═══ Material shown ═══

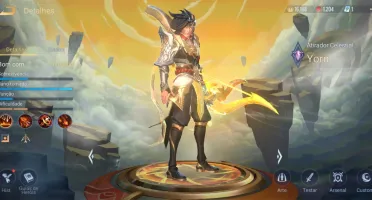 Arena of Valor (Conta Rara)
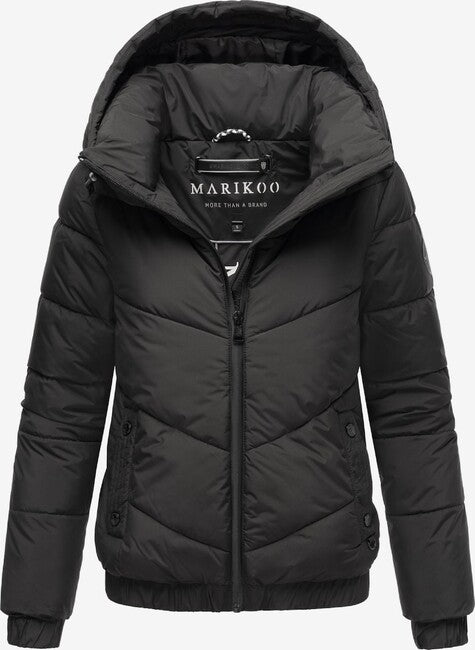 Marikoo Nayanaa Women's Short Winter Jacket with Hood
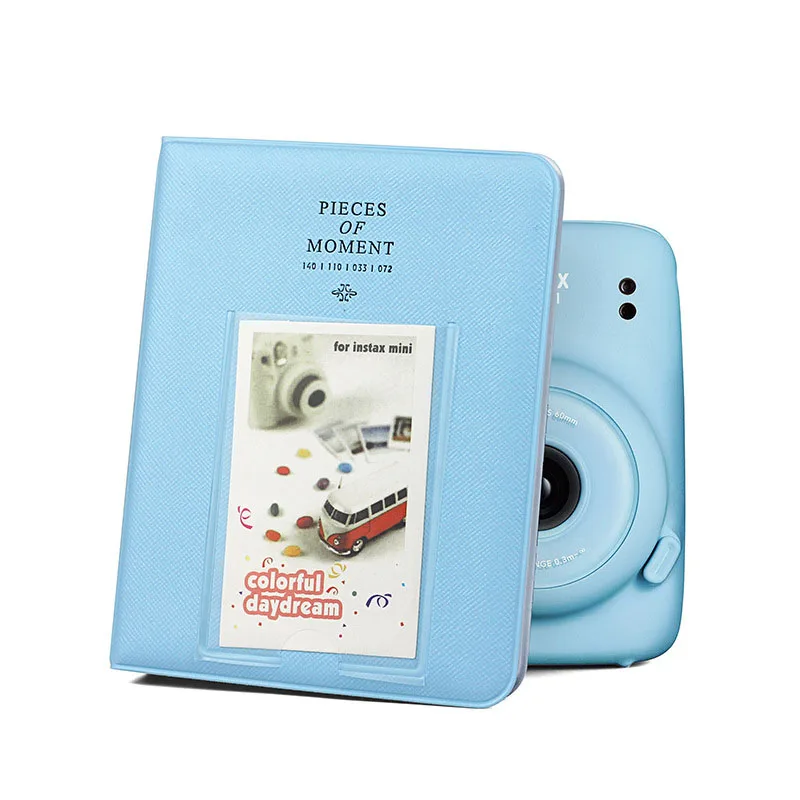 Wholesale Custom Small Waterproof Instax Hardcover Mini Photo Album Cards Binder Colorful Custom Collection Books
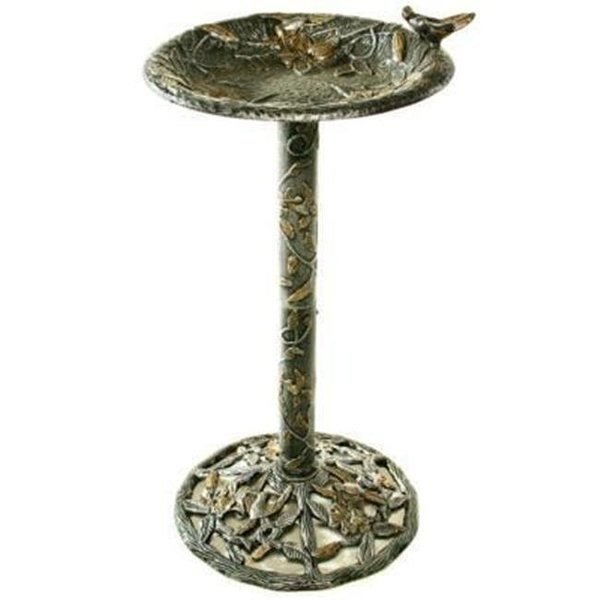 Oakland Living 5131-AP Hummingbird Bird bath - Antique Pewter, Oakland Living Corporation, Mfr#: 5131-AP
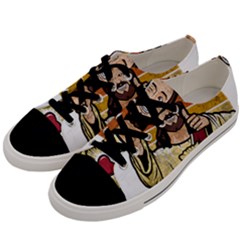 Got Christ? Men s Low Top Canvas Sneakers by Valentinaart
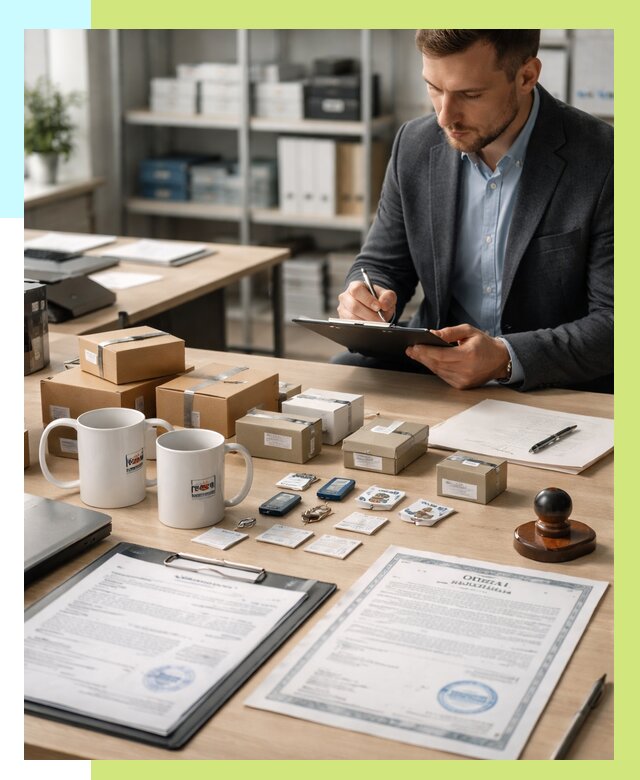 Сертификация сувениров в Тихвине от 13114 р. | Алешин-Тхв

═══

Work to be completed:
All of the entries above should be copied exactly, with the images left out.

Written response:
 Arena of Valor (Conta Rara)
 Marikoo Nayanaa Women's Short Winter Jacket with Hood
 Wholesale Custom Small Waterproof Instax Hardcover Mini Photo Album Cards Binder Colorful Custom Collection Books
 Oakland Living 5131-AP Hummingbird Bird bath - Antique Pewter, Oakland Living Corporation, Mfr#: 5131-AP
 Got Christ? Men s Low Top Canvas Sneakers by Valentinaart
 Сертификация сувениров в Тихвине от 13114 р. | Алешин-Тхв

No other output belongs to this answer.